Date: 2026-02-02 Difficulty: Medium Topics: Heap, Quickselect Link: https://leetcode.com/problems/kth-largest-element-in-an-array/

Final Solution §

def findKthLargest(self, nums: List[int], k: int) -> int:
    min_heap = []
    for num in nums:
        heapq.heappush(min_heap, num)
        if len(min_heap) > k:
            heapq.heappop(min_heap)
    return min_heap[0]

Alternative Solution (Original) §

def findKthLargest(self, nums: List[int], k: int) -> int:
    min_heap = []
    for num in nums:
        if len(min_heap) < k:
            heapq.heappush(min_heap, num)
        else:
            if min_heap[0] < num:
                heapq.heappop(min_heap)
                heapq.heappush(min_heap, num)
    return min_heap[0]

The original has an optimization: only push/pop when the new element is larger than the current min. Avoids unnecessary operations.

Initial Issues §

• Used heapify(min_heap) on empty list - unnecessary (and should be heapq.heapify())

Key Learnings §

Why Min Heap of Size K Works §

1. Keep a min heap that never exceeds size k
2. When it overflows, pop the minimum (smallest element gets kicked out)
3. After processing all elements, heap contains the k largest elements
4. Root of min heap = smallest of k largest = kth largest

Time Complexity: O(n log k) §

• n: Process each element once
• log k: Each heap operation on a heap of size k

Better than O(n log n) when k << n.

Alternative: Quickselect §

Approach	Time (avg)	Time (worst)	Space
Min heap of size k	O(n log k)	O(n log k)	O(k)
Quickselect	O(n)	O(n²)	O(1)

Quickselect idea:

1. Partition array around a pivot
2. If pivot lands at kth largest position, done
3. Otherwise, recurse on only ONE side (not both)

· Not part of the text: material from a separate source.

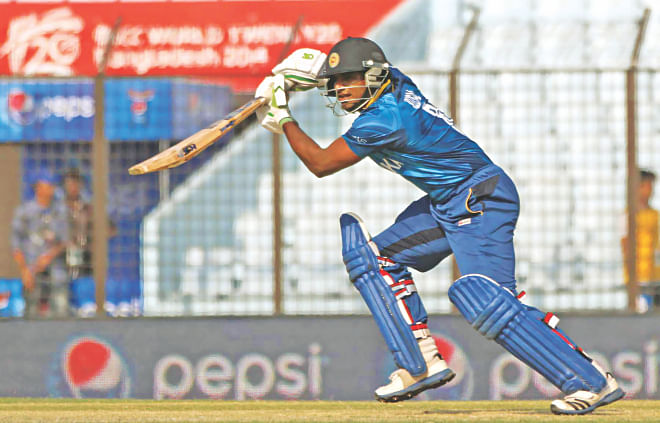 Sri Lanka opener Kusal Perera drives through the off side on way to scoring a 40-ball 61 in their World Twenty20 Group 1 match against South Africa at the Zohur Ahmed Chowdhury Stadium in Chittagong yesterday.   PHOTO: ANURUP KANTI DAS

Faster average case but risky worst case. Heap is safer.

Nuances to Remember §

• Use min heap for kth largest (kicks out smallest, keeps k largest)
• Use max heap for kth smallest (kicks out largest, keeps k smallest)
• Root of min heap of k largest = kth largest
• heapq in Python is a min heap by default

Q&A Highlights §

Q: Why min heap and not max heap? A: Min heap kicks out the smallest when it overflows. After seeing all elements, the k survivors are the k largest. The root (minimum of k largest) is the kth largest.

Q: Why O(n log k)? A: We iterate n elements, and each heap push/pop is O(log k) because the heap has at most k elements.